We will add Bird & Thistle curtains that match our Brunshwig & Fils wallpaper.
Layered over the wooden roman will be Bird & Thistle drapes in a traditional French Pleat, also known as “pinch pleat”, style. I am having the curtains made locally, in Chicago.
Rods are typically installed 4″ above the window frame, but we will need to install closer to the ceiling to align best with the window casing. This window is 63″ wide and 73″ including the trim. The length is approximately 106″. For this window I was advised that I should leave ~10 inches on each side of the window to provide enough space, but I am leaving only 3″ in addition to the molding since the molding is so wide. This will provide for 8″ on each side beyond the window glass for the drapes to bunch.
The drapes will require 12 yards of fabric. I will hang the drapes on loops and mount the rod directly onto the wood frame (I don’t want to mount on the wallpaper). Hopefully we can leave a few inches of fabric behind the loop and have enough to pull across given this configuration.
I am a big fan of the Chairish app and the great deals that are available there.
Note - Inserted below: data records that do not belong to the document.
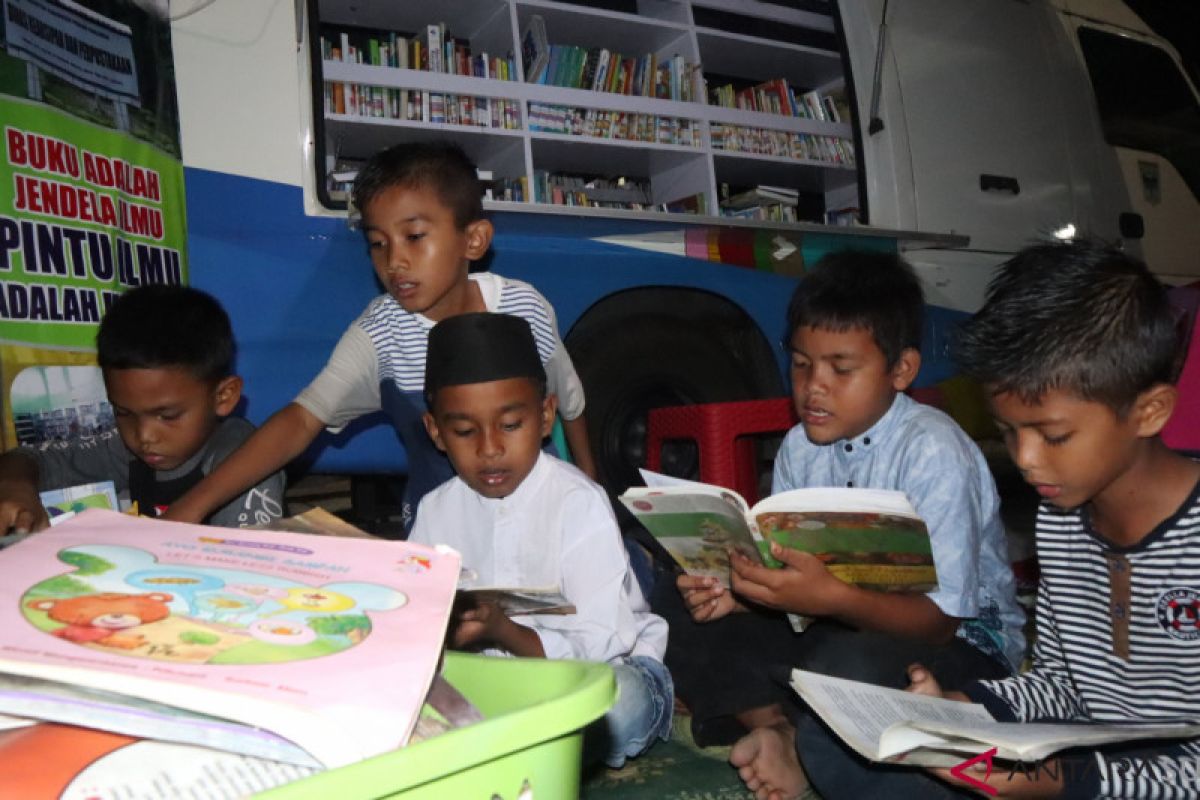 Padang Pariaman bakal tambah 1.500 buku koleksi perpustakaan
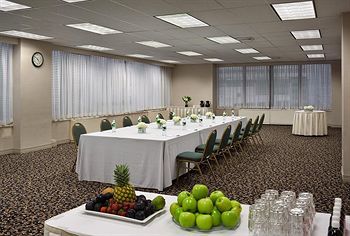 Radisson Hotel New Rochelle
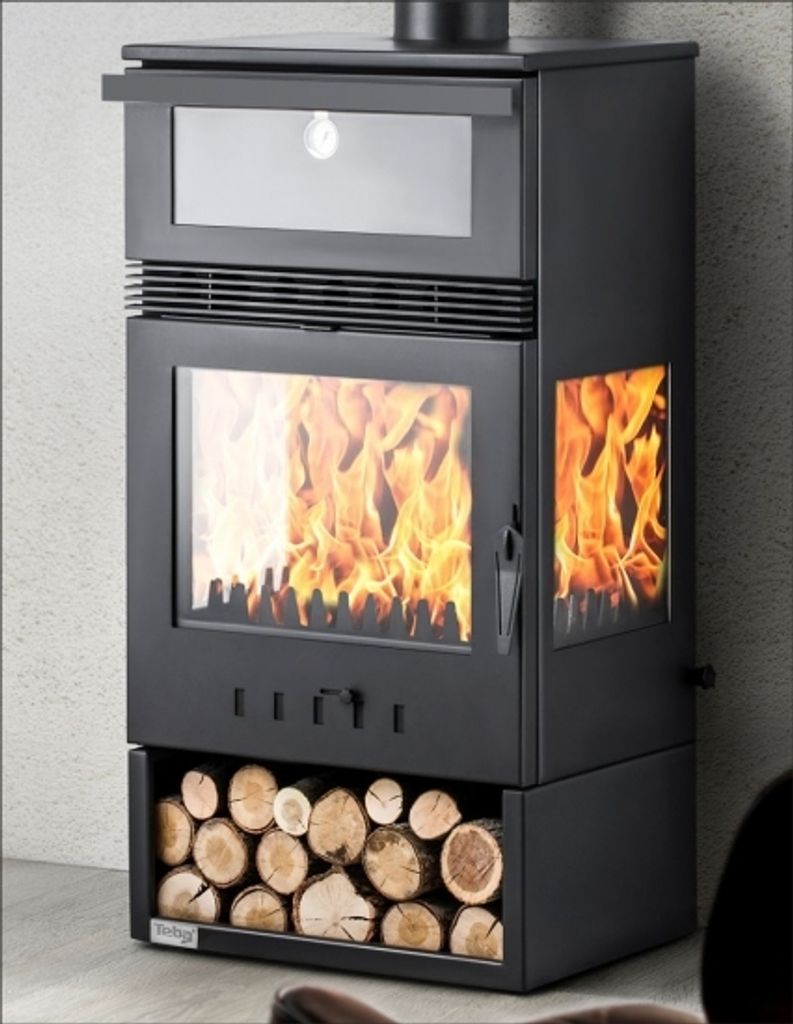 EEK A+ 3-Scheiben Panorama-Kaminofen Teba TKS-15 mit Produktbild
Chairish is like a garage sale without leaving your home. The shipping costs can be a bit tricky, but overall there are some incredible finds on this platform. I recently nabbed two chairs for $315 on Chairish, had them re-upholstered in Colefax and Fowler Bowood fabric, and they are now like new!
The most important part of getting a good total value here is to pay as little as possible upfront. This helps to accommodate the high price of fabric and labor. Otherwise, you may be better off buying a brand new chair and providing your fabric direct to the manufacturer to upholster. Before I begin searching, I get a rough idea of the dimensions that I need the chair to be, then I sort by these dimensions. I am typically flagging (“hearting”) every chair that has a good shape and size and am not discriminating based on price (I always negotiate). A particularly good tip is to find slightly dirty or oddly colored chairs that generally won’t sell well – and bargain down. My first offer is always the lowest price the slider will allow, and then I see what happens.
In this case, I found a pair of great chairs from SRQ Vintage in Bradenton, Florida that were in perfect condition. They were listed for $595. I offered $315 and I got them. Off to a good start! Shipping was $369 which is really expensive, but I have since learned that if you speak to the seller you can get much less expensive shipping options.
The chairs were white-glove delivered to our home and were the perfect size and fit. However, they were missing swivels so I had our upholsterer add a new base. Comfort Upholstery did an amazing job re-upholstering these chairs quickly (and well) and picked up and delivered when complete.
From start to finish this project took 2 months total from the day I ordered (April 7) to the day the chairs were delivered from Chairish (May 9) to the day I sent to upholstery (May 18) to the day they returned (June 6) and I love them!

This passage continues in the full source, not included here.